"""

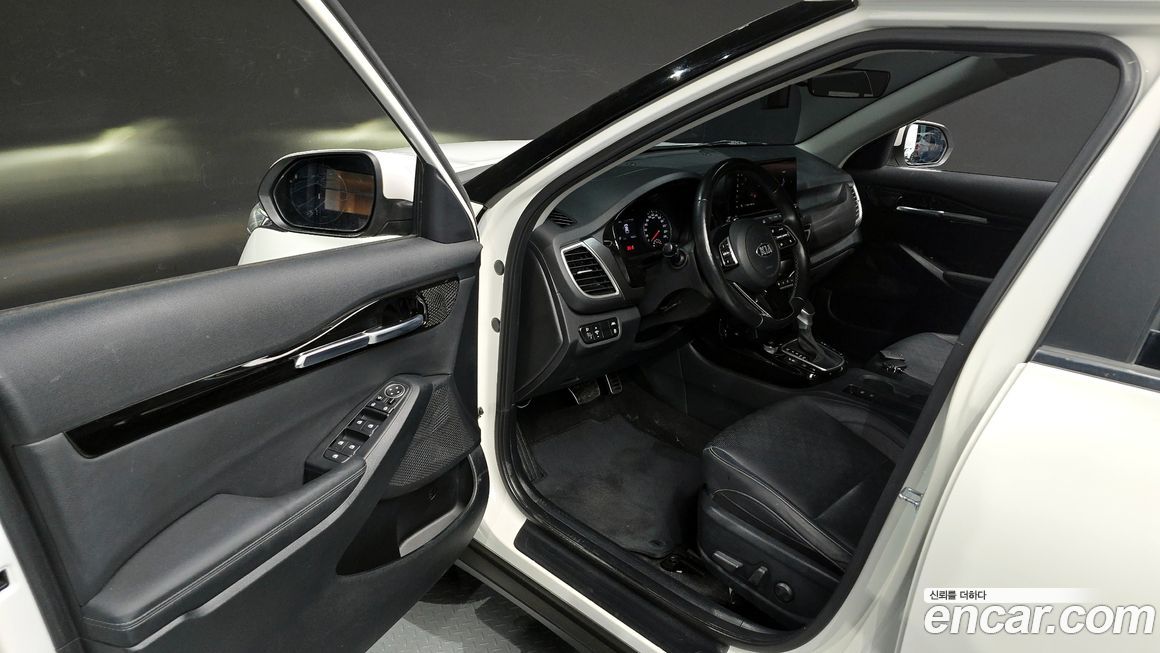 Kia Seltos 2022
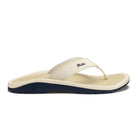 Olukai Ohana Mens Sandal WS2D-White Sand- Deepest Depths 9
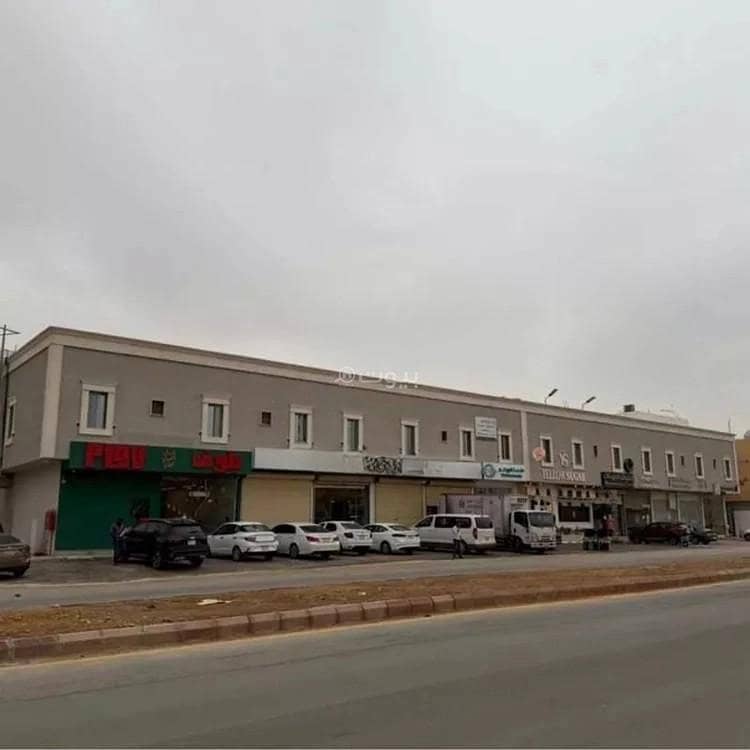 Fully Furnished Building for Rent - Al Aridh District Fully Furnished Building for Rent - Al Aridh District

"""

* _Task objective_
Return the full listing above exactly as written, and omit the pictures.

* _Response for this exercise_
 Kia Seltos 2022
 Olukai Ohana Mens Sandal WS2D-White Sand- Deepest Depths 9
 Fully Furnished Building for Rent - Al Aridh District Fully Furnished Building for Rent - Al Aridh District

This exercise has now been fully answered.